Lá fui eu hoje para minha sessão de osteopatia. Sei que nem todo mundo tem dor nas costas e sei também que muita gente que sofre com isso não procura esse tipo de terapia para melhorar. Vi minha mãe, durante anos, tomar Dorflex para aplacar as dores que sentia. Não posso me utilizar do mesmo artifício, porque tenho alergia a dipirona e ninguém merece me ver no meio de uma crise alérgica, de tão munitinha que fico.

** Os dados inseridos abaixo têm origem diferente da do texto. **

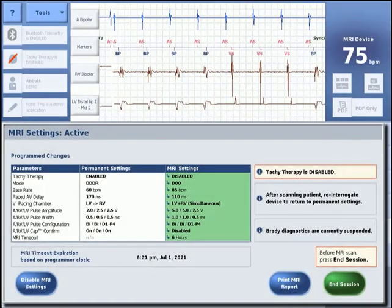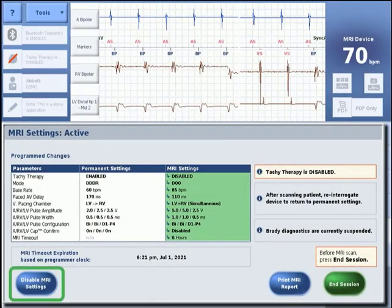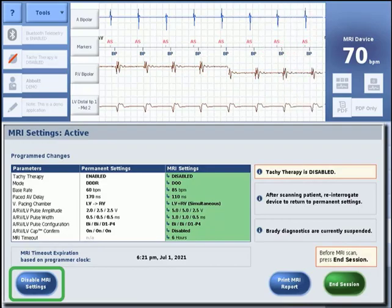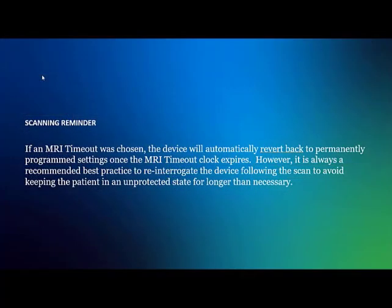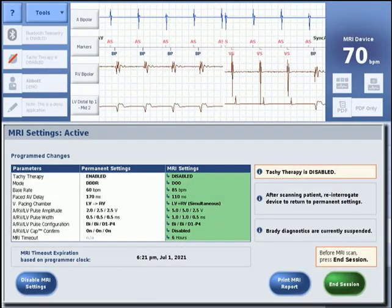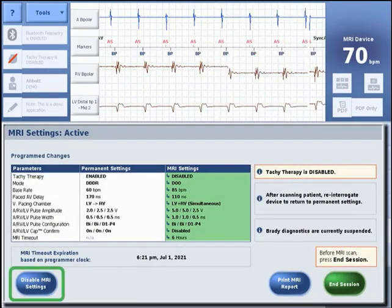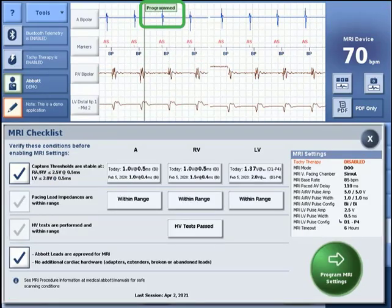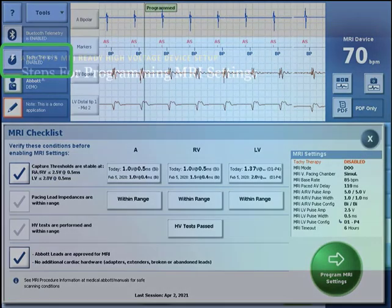As soon as the MRI scan is complete, reinterrogate the device to disable MRI settings and return to permanent settings. If an MRI timeout was chosen, the device will automatically revert back to permanently programmed settings once the MRI timeout clock expires. However, it is always a recommended best practice to reinterrogate the device following the scan to avoid keeping the patient in an unprotected state for longer than necessary. Upon interrogation, the MRI settings active window will be displayed. Press Disable MRI Settings to return the device to the permanent settings and re-enable tachycardia therapy.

Voltando à minha forma de lidar com minhas dores, confesso que não chego feliz ao espaço de Glauber, aquele de quem falei ontem, sabe? Primeiro, porque sei que vou sentir muita dor. Sim, porque osteopatia não é sinônimo de alisado na pessoa. Se fosse, eu não procuraria, porque DE-TES-TO alisado; pense num negócio que me deixa irritada (por favor, você que me lê, não me alise, de forma alguma, em nenhuma situação, porque se fizer isso vai me deixar muito irada). Também não é massagem relaxante. Osteopatia é um negócio sério, cara-pálida!
Segundo a Wikipédia, “osteopatia é um sistema autônomo de cuidados de saúde primário, que se baseia no diagnóstico diferencial, bem como no tratamento de várias patologias, e prevenção da saúde, sem o recurso a fármacos ou cirurgia”. Ou seja, de uma forma prática, a Wikipédia não diz nada. Olhei outros sites também, mas as informações são muito técnicas e também não me deram o que estava procurando.

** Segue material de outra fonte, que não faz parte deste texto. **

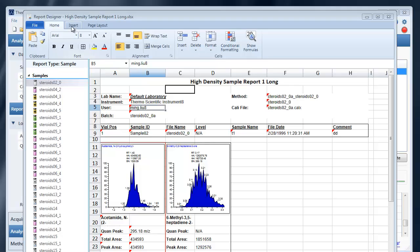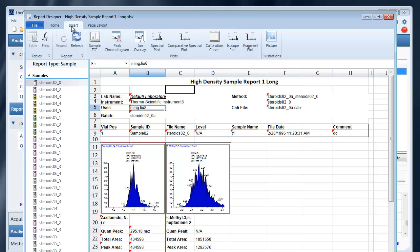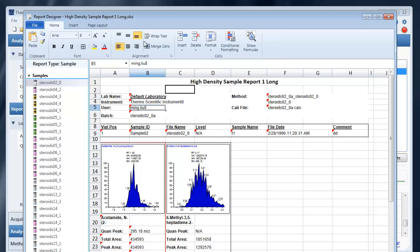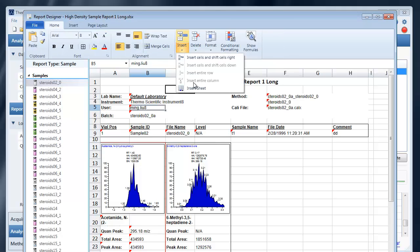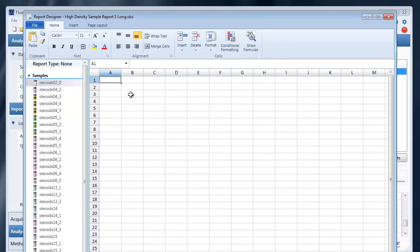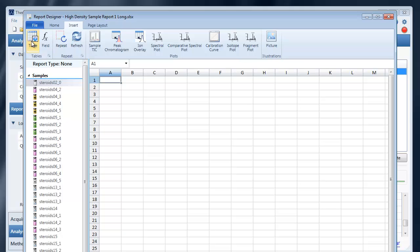Next let's talk about the insert tab of the ribbon bar. Let's go ahead and insert a blank sheet and let's drop on a table.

Para mim, que sou apenas paciente e entendo nada do assunto, o negócio é o seguinte: depois de serem identificados os problemas, as dores, e tudo o que está ligado a isso, o profissional, através de manobras físicas e muito estalo, vai realinhando a pessoa e colocando tudo no lugar. Hoje, por exemplo, foi constatado o que eu já suspeitava: minha escápula tinha saído do lugar (sim, isso acontece às vezes e me deixa com uma dor das Américas) e para colocar ela de volta foi um sofrimento.

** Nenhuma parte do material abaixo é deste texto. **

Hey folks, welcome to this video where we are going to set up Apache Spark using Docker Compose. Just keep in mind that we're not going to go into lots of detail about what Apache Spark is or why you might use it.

Um parêntese: o Aulete me disse que “escápula substituiu omoplata na nova terminologia anatômica”. Não acho essa informação absolutamente necessária, mas vai que é, né?
Enfim, depois de alguns estalos, muita dor e muito sofrimento, fiquei muito mais aliviada. Não posso afirmar que saí sem dor alguma, porque estaria mentindo. Como o negócio da escápula me pegou de jeito e Glauber teve um bom trabalho para colocar a bicha no lugar, ainda sinto que ela existe, entende? Mas minha lombar e meu pescoço estão novos, o que me deixa bem à vontade para dizer que eu posso até não chegar, mas saio de lá a mais feliz das criaturas.